Adams’ Hitchhiker’s Guide to the Galaxy book review


Douglas Adams was fundamentally a writer than wanted to create a comedic science fiction who was denied constantly at first.  Then the rise of science fiction into the mainstream allowed him to fulfill his want/dream and he created the radio play Hitchhiker’s Guide to the Galaxy.  It then became a book trilogy (while forgetting that a trilogy means three books), miniseries, and movie.  Adams was a man who was creating the truly unique and could not be stopped.  He essentially created Alice in Wonderland and set it in space and all around the known and unknown galaxy.

The book may seem to be nonsensical during the first read, but much meaning could be found in a lot of his funniest and darkest statements.  They are funny because they are true and therein lies the meat of the story.  For example, “As soon as Mr.
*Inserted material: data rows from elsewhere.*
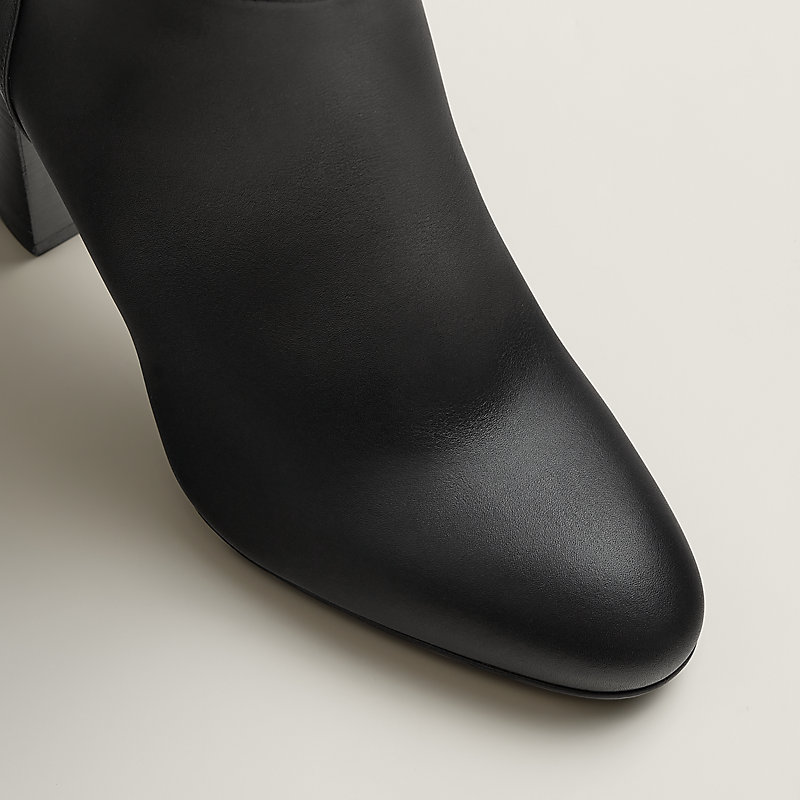 Leaping 90 boot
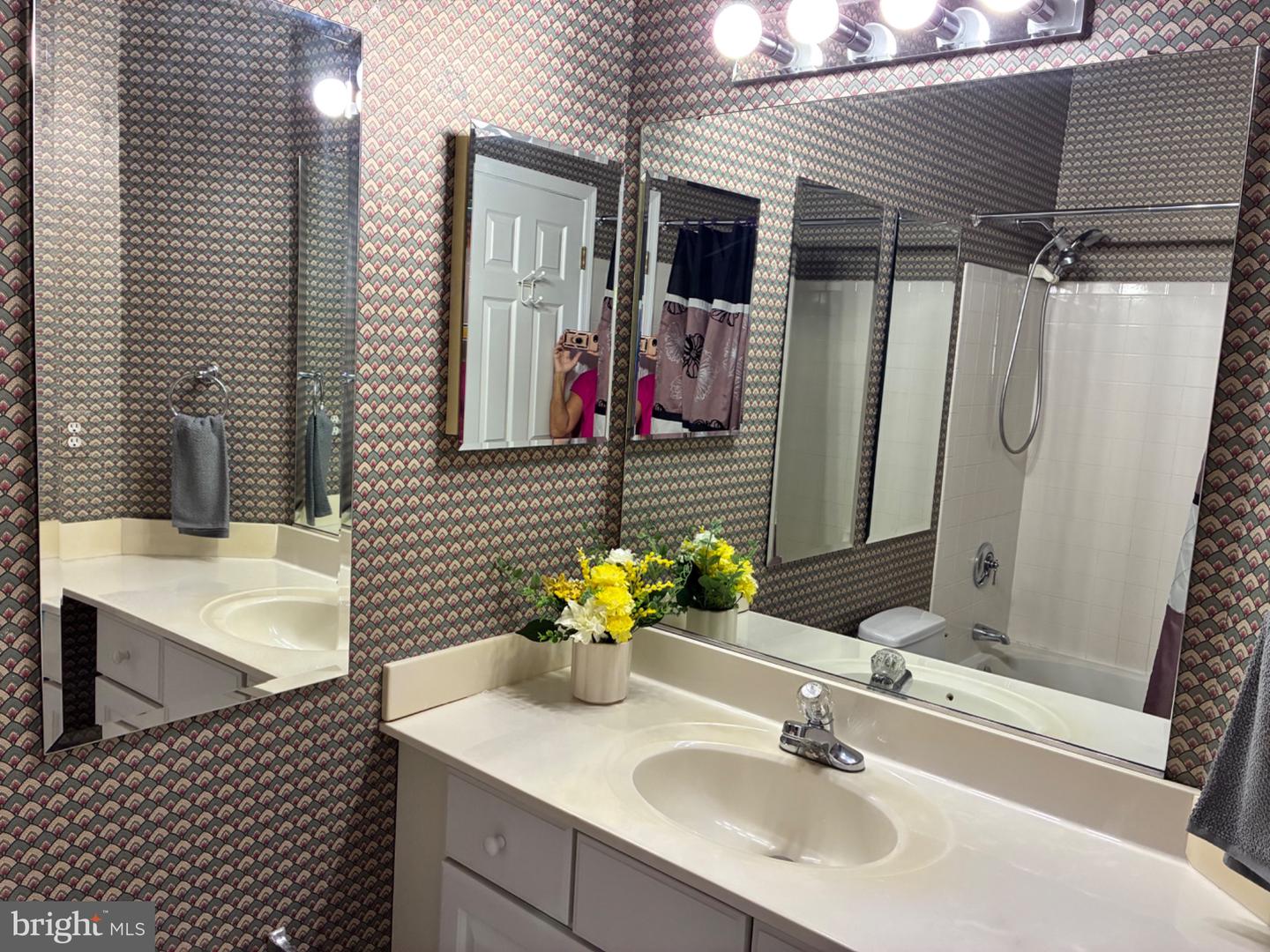 1410 Peregrine Path Property Photo 16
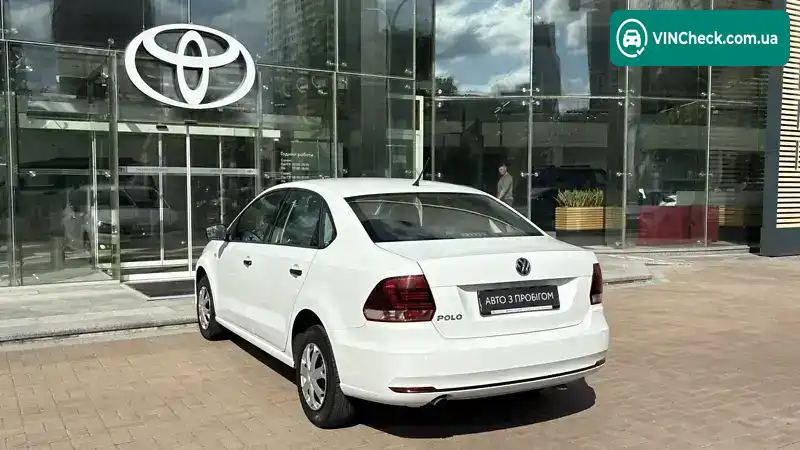 Volkswagen Polo 2019, фото з оголошення 2 з 19, VIN XW8ZZZ61ZLG010556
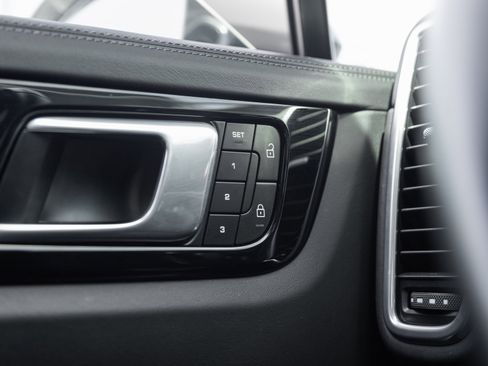 Certified 2023 Porsche Cayenne image 18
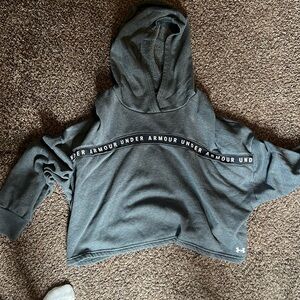 Under Armour Cropped Hoodie
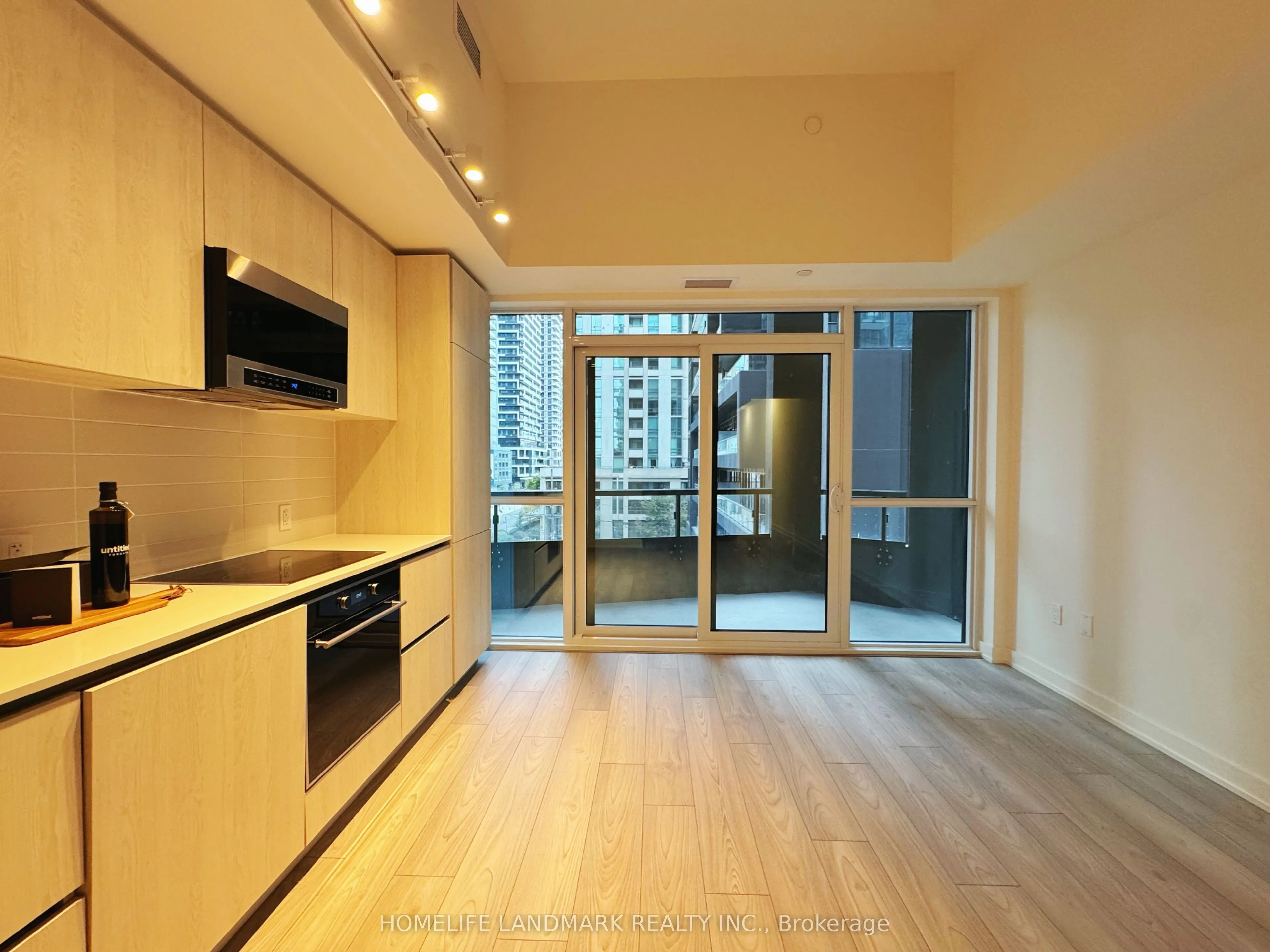110 BROADWAY Avenue, #404 S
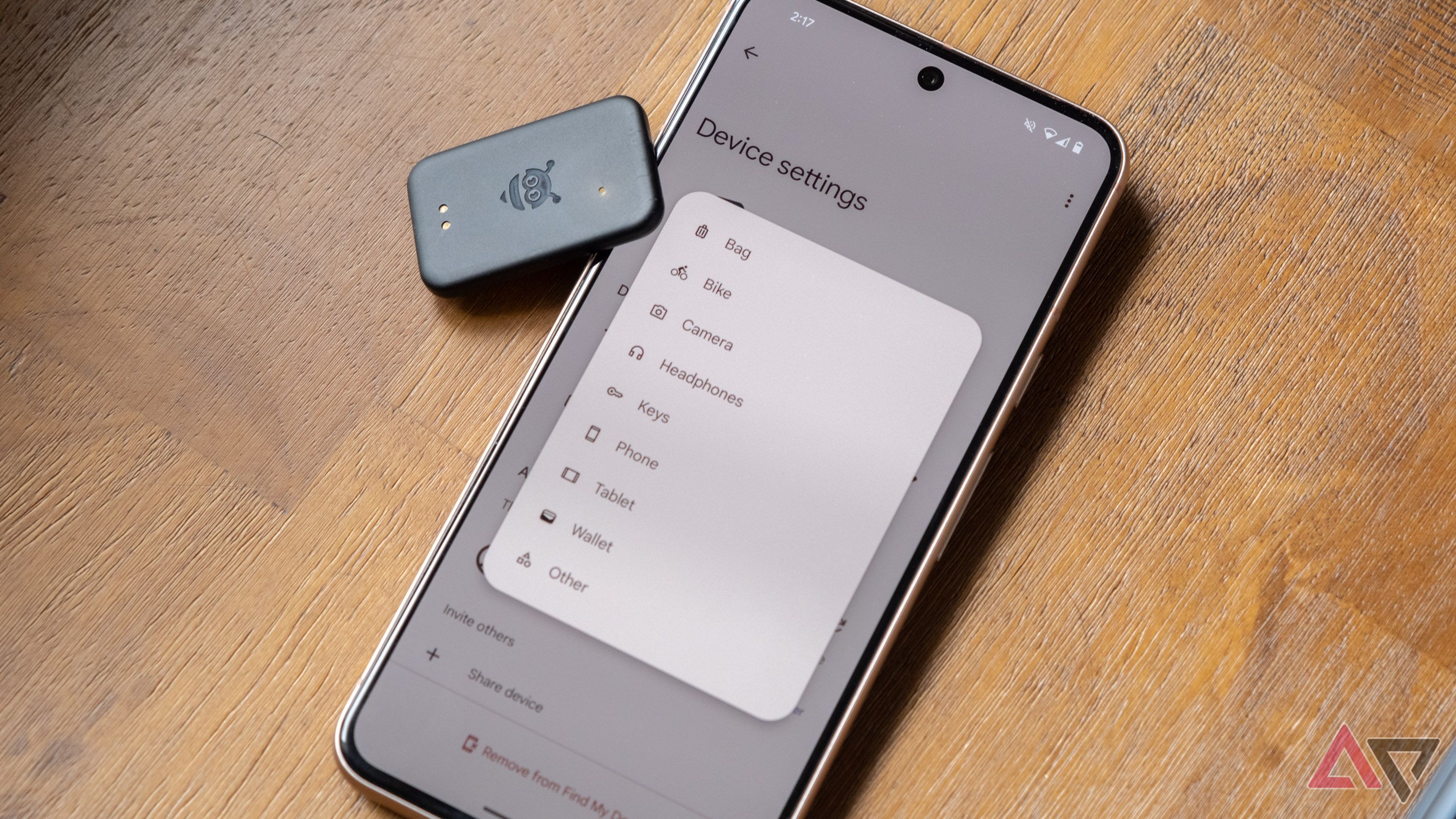 Phone Pebble Android Google Is Now Selling Pebblebee's Find My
Prosser realized that he was substantially the loser after all, it was as if a weight lifted itself off his shoulders.  This was more like the world as he knew it.”  Many people base their lives off of becoming the winner of anything and everything.  There is that part of nature that does tell the person in their subconscious that any one person cannot have it all.  People want to be so much more.  They lose their sense of humor and any real purpose when they base their lives off of being winners.  Having a small character, no matter how insubstantial or doomed, understand and accept that they are not a winner is a relief.  Especially in science fiction, the characters take themselves too seriously.  There is always a world that could be blown up at any minute and all of the hero’s energy goes to stopping it.  A rare moment indeed when the hero realizes and accepts that they cannot stop the inevitable and even rarer when they experience a sense of relief.  People forget that the overwhelming sense of doom and constant pressure, no matter how dire the circumstances, only mess up the person experiencing them more.  A person who can accept it and let the relief overtake them is one that gets that life is not fair.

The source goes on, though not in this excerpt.